NOW THEREFORE, EMPLOYEE and GREENROSE enter into this Agreement as detailed below in exchange for the following agreed upon terms and conditions of EMPLOYEE’S separation from employment with GREENROSE:

 

1. Equity Grant. As consideration for entering into this Agreement, GREENROSE shall grant to Cohen on or before five (5) days following the filing by GREENROSE of its Form 10-Q for Q2 2022, fifty thousand (50,000) fully vested options pursuant to the GREENROSE’S 2021 Equity Incentive Plan (the “Equity Plan”). The parties agree that the Equity Grant is consideration for the resolution of any and all kind of claim Cohen may allege arising out of or related to employment, the Employment Agreement and/or the termination of employment with Greenrose pursuant to the General Release as set forth herein. The parties further recognize that neither party acknowledges any wrongdoing and that the Equity Grant and the other terms of this Agreement are consideration for the comprehensive resolution of all claims, if any, between the parties.

 

0. Cohen shall have the right to continue his health insurance provided that he timely elects continuation coverage pursuant to COBRA. Information regarding COBRA will be sent separately to him.

 

1. General Release and Covenant Not to Sue.

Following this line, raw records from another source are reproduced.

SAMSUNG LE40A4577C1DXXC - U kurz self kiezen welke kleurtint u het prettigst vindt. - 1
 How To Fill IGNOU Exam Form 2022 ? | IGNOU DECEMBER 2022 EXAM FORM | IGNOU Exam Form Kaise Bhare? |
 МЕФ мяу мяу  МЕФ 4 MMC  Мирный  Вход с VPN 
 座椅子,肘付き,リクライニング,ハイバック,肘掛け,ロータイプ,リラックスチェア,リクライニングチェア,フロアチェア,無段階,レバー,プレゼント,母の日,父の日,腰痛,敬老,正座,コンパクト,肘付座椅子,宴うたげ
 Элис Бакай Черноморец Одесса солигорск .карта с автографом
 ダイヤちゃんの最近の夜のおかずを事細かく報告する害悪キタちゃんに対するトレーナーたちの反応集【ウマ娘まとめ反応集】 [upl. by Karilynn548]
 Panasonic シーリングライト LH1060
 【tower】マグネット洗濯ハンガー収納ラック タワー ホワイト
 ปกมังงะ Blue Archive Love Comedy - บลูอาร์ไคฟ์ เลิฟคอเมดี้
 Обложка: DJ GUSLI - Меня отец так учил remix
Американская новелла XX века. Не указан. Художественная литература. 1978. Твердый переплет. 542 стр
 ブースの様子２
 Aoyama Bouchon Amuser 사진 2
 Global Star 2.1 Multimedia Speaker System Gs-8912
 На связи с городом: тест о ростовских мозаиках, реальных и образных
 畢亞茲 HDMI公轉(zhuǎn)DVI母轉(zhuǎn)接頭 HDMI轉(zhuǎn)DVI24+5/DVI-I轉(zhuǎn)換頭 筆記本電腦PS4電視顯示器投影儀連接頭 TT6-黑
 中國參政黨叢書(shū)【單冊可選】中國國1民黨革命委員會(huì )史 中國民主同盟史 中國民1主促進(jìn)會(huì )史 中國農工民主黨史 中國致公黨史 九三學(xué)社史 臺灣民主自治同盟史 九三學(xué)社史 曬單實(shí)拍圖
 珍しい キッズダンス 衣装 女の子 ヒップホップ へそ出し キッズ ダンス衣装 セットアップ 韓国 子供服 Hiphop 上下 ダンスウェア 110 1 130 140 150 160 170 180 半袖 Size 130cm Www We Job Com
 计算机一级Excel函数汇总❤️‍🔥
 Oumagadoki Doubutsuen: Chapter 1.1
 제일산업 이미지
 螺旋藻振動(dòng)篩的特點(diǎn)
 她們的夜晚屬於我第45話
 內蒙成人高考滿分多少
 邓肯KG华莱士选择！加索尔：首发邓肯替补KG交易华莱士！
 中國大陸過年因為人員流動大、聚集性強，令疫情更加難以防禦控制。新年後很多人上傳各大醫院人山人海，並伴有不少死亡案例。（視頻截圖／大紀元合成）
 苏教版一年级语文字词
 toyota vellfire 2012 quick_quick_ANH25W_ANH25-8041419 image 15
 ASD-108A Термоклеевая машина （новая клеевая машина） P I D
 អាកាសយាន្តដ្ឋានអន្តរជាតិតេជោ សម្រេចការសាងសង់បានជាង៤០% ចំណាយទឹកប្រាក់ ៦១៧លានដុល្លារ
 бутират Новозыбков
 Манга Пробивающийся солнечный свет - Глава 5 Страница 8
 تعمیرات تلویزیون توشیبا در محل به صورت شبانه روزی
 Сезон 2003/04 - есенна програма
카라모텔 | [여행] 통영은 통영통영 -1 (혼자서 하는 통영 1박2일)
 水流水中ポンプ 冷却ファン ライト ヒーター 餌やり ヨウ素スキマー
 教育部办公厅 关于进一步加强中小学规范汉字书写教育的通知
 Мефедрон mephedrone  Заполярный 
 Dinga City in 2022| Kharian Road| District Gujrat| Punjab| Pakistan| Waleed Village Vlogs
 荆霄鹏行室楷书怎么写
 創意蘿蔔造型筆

In consideration for this Agreement and the promises and covenants set forth herein, Cohen , and his heirs, attorneys, administrators, executors, personal representatives, beneficiaries, and assigns RELEASE and FOREVER DISCHARGE GREENROSE, and its affiliates, predecessors, successors, parents, subsidiaries, divisions, assigns, officers, directors, shareholders/unitholders, representatives, employees, former employees, attorneys, administrators, executors, beneficiaries, personal representatives, and agents, (all collectively referred to as “GREENROSE RELEASEES”), from any and all claims, demands, obligations, liabilities, costs, court costs, expenses, including attorneys’ fees, actions or causes of action which Cohen has, may have or which may hereafter accrue to him, including but not limited to any claim or claims on account of or arising out of (i) his employment with GREENROSE ; (ii) his separation from employment with GREENROSE; (iii) any and all matters pertaining to his treatment as an employee or the end of his employment with GREENROSE, including, without being limited to, claims under the common law of contracts, the common law of defamation, the common law of tortious interference with contracts, the common law of fraud, the Age Discrimination in Employment Act of 1967, Title VII of the Civil Rights Act of 1964, the Civil Rights Act of 1991, the Rehabilitation Act of 1973, the Americans with Disabilities Act, the Employee Retirement Income Security Act, New York State Human Rights Law, New York City Human Rights Law, and any other federal or state, city or other local employment law, and all other city, state or federal laws, whether statutory or common law. Cohen covenants not to sue the GREENROSE RELEASEES for any of these released claims.

 

 

 

 

Notwithstanding the foregoing, this Agreement does not preclude (a) claims for breach of this Agreement; (b) claims for any acts that occur after the date this Agreement is signed; (c) any rights or claims to vested benefits under any retirement plan or as otherwise explicitly referenced in this Agreement; (d) any claims that may not be released by applicable law; (e) any right Cohen may have to file, cooperate or participate in any proceeding before the EEOC, or a similar state agency except, however, Cohen waives any right to recover any monetary damages or awards in connection with any such proceeding.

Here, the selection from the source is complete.